Immediately issue/initiate an alert to an aircraft if you are aware of another aircraft at an altitude that you believe places them in unsafe proximity. If feasible, offer the pilot an alternate course of action.  Footnote 20

Section 2-1-2 of the FAA Order JO 7110.65U states in part:

a. Give first priority to separating aircraft and issuing safety alerts as required in this order. Good judgment must be used in prioritizing all other provisions of this order based on the requirements of the situation at hand . . . 

NOTE−

Because there are many variables involved, it is virtually impossible to develop a standard list of duty priorities that would apply uniformly to every conceivable situation. Each set of circumstances must be evaluated on its own merit, and when more than one action is required, controllers must exercise their best judgment based on the facts and circumstances known to them. That action which is most critical from a safety standpoint is performed first.  Footnote 21

Section 2-1-21 states in part:

Unless an aircraft is operating within Class A airspace or omission is requested by the pilot, issue traffic advisories to all aircraft (IFR or VFR) on your frequency when, in your judgment, their proximity may diminish to less than the applicable separation minima. Where no separation minima applies, such as for VFR aircraft outside of Class B/Class C airspace, or a TRSA [terminal radar service area], issue traffic advisories to those aircraft on your frequency when in your judgment their proximity warrants it.  Footnote 22

PCT controllers receive initial training on the conflict alert system with regards to reacting to a CA. Specifically, they are trained on the appropriate phraseology to use when informing the pilots that an alert has been observed. Controllers were not trained on the parameters or thresholds that could trigger a CA, or more precisely on what aircraft trajectory conditions must be met before the system issues an alert. Back to basics briefings, annual refresher training, and a computer based instruction (CBI) module for controllers included short presentations on safety alerts. Included in the CBI module is a number of scenario-based situations for which the controller chooses the correct phraseology for the given circumstance. The CBI module covers safety alerts, traffic advisories, and merging target procedures.

National Transportation Safety Board Recommendations Related to Conflict Alert Functions

In response to 10 controlled flight into terrain (CFIT) accidents and 1 mid-air collision accident, the National Transportation Safety Board (NTSB) issued 4 safety recommendations in 2006 (A-06-44 through -47, dated 12 July 2006) related to CAs and minimum safe altitude warning (MSAW) functions. The letter containing the recommendations highlighted the following related to conflict alerts:

In each of the above accidents, the MSAW and conflict alert software performed as designed and attempted to alert controllers about the detected hazards. However, none of the warnings resulted in timely ATC intervention because controllers were either aware of the alert but failed to take action or they remained unaware of the hazardous situation despite the activation of the alerting systems. . . . The Board is concerned about the lack of effectiveness of these alerting systems, which failed to reliably capture the attention of otherwise apparently conscientious and attentive controllers.

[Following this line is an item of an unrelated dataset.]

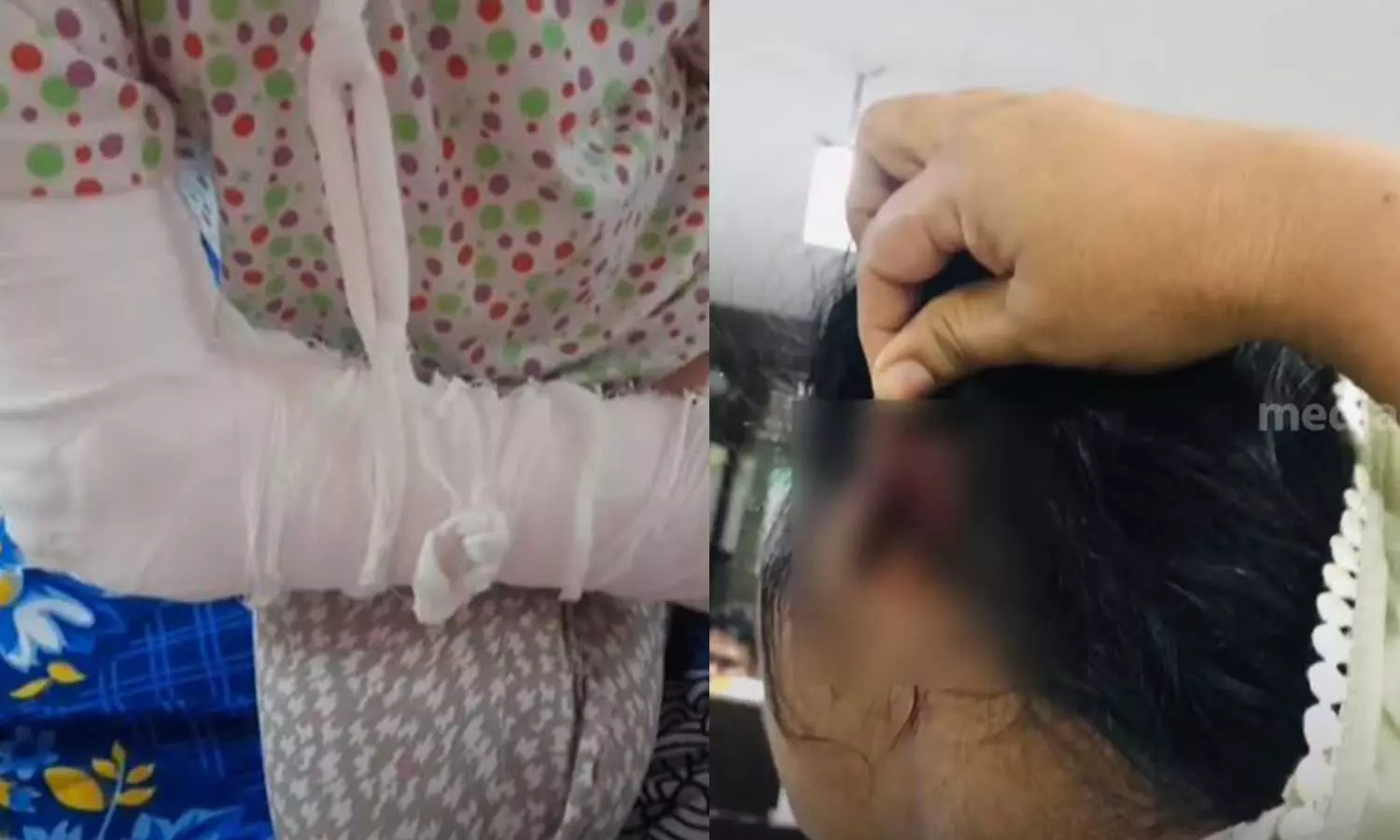 സൈക്കിൾ ചോദിച്ചതിന് പിതാവ് ഒൻപതു വയസുകാരിയുടെ ദേഹത്ത് ചൂടുവെള്ളമൊഴിച്ചു; ഭാര്യയുടെ ചെവി കടിച്ചുപറിച്ചു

The NTSB notes that presenting conflict alert warnings using both visual and aural methods is beneficial; the ATC task environment often requires controllers to be responsible for multiple subtasks that do not involve constantly looking at their displays. However, the current design of MSAW and conflict alert warning systems does not provide effective redundant cuing of the alert condition because the aural component of the warning automatically silences after a few seconds. The current design of these systems also does not provide any assurance that a controller has recognized and acknowledged the warning.

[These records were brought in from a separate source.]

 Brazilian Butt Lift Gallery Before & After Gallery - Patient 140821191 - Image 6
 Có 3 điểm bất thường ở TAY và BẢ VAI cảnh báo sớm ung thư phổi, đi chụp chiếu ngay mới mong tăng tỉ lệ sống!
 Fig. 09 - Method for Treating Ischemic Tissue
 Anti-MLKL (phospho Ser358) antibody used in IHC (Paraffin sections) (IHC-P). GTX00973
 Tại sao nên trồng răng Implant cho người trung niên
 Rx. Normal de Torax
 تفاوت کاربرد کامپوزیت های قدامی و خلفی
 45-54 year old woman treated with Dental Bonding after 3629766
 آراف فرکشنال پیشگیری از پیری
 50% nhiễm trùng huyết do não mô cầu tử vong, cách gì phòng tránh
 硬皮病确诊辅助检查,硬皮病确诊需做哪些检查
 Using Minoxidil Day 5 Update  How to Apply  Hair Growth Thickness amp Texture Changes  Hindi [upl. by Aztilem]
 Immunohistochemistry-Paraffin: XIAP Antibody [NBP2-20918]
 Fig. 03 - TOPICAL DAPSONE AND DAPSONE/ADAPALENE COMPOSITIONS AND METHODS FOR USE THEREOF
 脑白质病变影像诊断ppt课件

FAA Order 7110.65 makes no distinction between VFR and IFR operations regarding the issuance of safety alerts when hazards to flight are observed. Controllers are required to use their judgment, remain vigilant for situations in which aircraft are in danger, and issue, as a first-priority duty, a safety alert when such situations are recognized.

As a result, the NTSB made the following recommendation (A-06-44) to the FAA:

Redesign the minimum safe altitude warning (MSAW) and conflict alert systems and alerting methods such that they reliably capture and direct controller attention to potentially hazardous situations detected by the systems. Implement software changes at all air traffic control facilities providing MSAW and conflict alert services.

In response to the NTSB’s recommendation, the FAA commissioned a research paper. The paper concluded in part that:

. . . The high false-alarm rate does not appear to induce cry wolf behaviour in the context of en route ATC conflict alerts. . . . There is no need to substantially modify conflict alert algorithms, but the conflict alert system may be modified to address difficult-to-visualize conflicts. Footnote 23

The NTSB’s assessment of the FAA’s actions regarding recommendation A-06-44 resulted in an “open – acceptable”  Footnote 24 classification.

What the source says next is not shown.